▶ What to work on
Copy out the entries below exactly as they stand, but only from the line containing "Single Room at Cuyuna Lakes Stay" through the line containing "Toyota Revo 2002 for sale".

Collected data:
● ● ● ● ● ● ●

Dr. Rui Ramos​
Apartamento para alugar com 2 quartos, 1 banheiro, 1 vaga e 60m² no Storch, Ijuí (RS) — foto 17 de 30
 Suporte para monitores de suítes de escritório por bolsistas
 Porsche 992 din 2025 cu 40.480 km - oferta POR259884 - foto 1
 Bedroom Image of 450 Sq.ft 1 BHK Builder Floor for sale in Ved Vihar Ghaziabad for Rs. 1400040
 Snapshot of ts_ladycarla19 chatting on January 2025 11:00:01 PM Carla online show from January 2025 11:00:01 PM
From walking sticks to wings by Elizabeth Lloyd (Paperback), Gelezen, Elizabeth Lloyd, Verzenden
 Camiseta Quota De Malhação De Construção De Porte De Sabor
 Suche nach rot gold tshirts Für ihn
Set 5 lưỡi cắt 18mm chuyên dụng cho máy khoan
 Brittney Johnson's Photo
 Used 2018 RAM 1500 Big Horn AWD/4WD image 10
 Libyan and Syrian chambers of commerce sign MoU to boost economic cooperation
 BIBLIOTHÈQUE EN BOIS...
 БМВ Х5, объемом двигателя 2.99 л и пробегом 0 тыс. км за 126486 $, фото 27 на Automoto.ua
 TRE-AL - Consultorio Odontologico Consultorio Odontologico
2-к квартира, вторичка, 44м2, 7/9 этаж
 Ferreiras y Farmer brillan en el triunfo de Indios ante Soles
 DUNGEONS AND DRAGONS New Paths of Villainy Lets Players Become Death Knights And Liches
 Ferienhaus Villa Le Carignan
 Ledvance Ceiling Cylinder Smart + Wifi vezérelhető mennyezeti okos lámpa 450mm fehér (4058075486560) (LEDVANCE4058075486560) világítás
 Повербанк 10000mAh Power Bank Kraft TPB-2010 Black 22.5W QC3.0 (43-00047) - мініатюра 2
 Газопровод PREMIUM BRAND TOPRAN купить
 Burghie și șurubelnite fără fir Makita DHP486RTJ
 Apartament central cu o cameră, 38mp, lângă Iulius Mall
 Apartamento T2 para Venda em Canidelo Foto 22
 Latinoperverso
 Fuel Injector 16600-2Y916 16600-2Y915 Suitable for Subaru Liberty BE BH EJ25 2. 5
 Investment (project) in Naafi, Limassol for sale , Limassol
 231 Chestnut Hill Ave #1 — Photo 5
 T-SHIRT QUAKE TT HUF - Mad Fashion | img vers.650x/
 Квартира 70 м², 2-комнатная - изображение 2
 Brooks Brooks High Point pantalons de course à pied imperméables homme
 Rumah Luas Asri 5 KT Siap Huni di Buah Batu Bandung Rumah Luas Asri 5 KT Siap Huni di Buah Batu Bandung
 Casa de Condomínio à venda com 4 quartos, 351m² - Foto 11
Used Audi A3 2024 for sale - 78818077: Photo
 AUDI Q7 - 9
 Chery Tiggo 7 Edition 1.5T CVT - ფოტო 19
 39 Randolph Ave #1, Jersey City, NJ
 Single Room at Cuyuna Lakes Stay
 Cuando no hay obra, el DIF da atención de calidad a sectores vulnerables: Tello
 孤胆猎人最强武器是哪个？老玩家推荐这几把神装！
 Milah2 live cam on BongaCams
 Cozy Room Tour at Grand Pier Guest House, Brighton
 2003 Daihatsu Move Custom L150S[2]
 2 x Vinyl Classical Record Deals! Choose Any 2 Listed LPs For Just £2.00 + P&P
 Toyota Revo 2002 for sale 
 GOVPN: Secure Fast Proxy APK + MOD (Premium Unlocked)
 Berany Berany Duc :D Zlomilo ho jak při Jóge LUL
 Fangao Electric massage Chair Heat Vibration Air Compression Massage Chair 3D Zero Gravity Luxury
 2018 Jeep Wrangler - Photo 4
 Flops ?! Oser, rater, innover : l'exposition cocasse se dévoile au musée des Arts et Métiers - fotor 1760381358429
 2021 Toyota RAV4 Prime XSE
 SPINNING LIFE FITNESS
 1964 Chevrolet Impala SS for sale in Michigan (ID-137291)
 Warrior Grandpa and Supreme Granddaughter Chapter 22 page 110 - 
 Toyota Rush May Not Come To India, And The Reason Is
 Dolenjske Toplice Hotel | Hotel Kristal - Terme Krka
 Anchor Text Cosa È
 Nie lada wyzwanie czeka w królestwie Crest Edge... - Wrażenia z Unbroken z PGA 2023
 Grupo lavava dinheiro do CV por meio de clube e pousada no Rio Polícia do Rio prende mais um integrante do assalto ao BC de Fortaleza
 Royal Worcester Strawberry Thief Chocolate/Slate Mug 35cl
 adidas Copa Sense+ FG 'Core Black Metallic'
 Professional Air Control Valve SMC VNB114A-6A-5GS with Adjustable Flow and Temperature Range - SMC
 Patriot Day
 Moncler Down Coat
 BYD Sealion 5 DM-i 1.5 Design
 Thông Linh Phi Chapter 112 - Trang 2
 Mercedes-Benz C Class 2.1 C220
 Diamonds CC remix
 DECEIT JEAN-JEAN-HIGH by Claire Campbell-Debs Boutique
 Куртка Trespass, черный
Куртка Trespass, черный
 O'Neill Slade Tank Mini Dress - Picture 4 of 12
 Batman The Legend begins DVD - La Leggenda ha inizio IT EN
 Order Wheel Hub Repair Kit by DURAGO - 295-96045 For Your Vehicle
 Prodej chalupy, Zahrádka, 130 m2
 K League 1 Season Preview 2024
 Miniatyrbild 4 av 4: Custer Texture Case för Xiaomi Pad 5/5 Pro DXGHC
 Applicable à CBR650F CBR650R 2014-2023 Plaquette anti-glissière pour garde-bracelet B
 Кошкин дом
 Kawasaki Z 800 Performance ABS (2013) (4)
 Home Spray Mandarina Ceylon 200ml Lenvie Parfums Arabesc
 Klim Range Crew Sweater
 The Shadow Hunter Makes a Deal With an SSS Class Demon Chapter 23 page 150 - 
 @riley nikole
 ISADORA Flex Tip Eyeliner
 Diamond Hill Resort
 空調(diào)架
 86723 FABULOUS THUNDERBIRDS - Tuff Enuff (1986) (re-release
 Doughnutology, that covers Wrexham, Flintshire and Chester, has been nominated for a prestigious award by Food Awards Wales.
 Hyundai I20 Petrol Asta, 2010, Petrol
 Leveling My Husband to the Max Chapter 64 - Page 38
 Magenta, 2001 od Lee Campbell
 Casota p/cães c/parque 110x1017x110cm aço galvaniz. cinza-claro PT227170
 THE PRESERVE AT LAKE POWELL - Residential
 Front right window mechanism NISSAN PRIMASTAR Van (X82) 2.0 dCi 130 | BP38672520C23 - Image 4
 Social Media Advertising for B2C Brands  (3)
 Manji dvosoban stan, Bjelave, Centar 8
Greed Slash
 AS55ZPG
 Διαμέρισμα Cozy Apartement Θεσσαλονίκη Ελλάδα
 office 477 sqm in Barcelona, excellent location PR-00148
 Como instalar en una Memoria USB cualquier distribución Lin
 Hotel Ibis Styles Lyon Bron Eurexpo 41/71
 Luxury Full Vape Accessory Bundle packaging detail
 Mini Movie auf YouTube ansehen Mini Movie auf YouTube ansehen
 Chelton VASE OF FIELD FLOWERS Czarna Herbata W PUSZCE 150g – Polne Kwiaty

● ● ● ● ● ● ●

▶ Task result
 Single Room at Cuyuna Lakes Stay
 Cuando no hay obra, el DIF da atención de calidad a sectores vulnerables: Tello
 孤胆猎人最强武器是哪个？老玩家推荐这几把神装！
 Milah2 live cam on BongaCams
 Cozy Room Tour at Grand Pier Guest House, Brighton
 2003 Daihatsu Move Custom L150S[2]
 2 x Vinyl Classical Record Deals! Choose Any 2 Listed LPs For Just £2.00 + P&P
 Toyota Revo 2002 for sale 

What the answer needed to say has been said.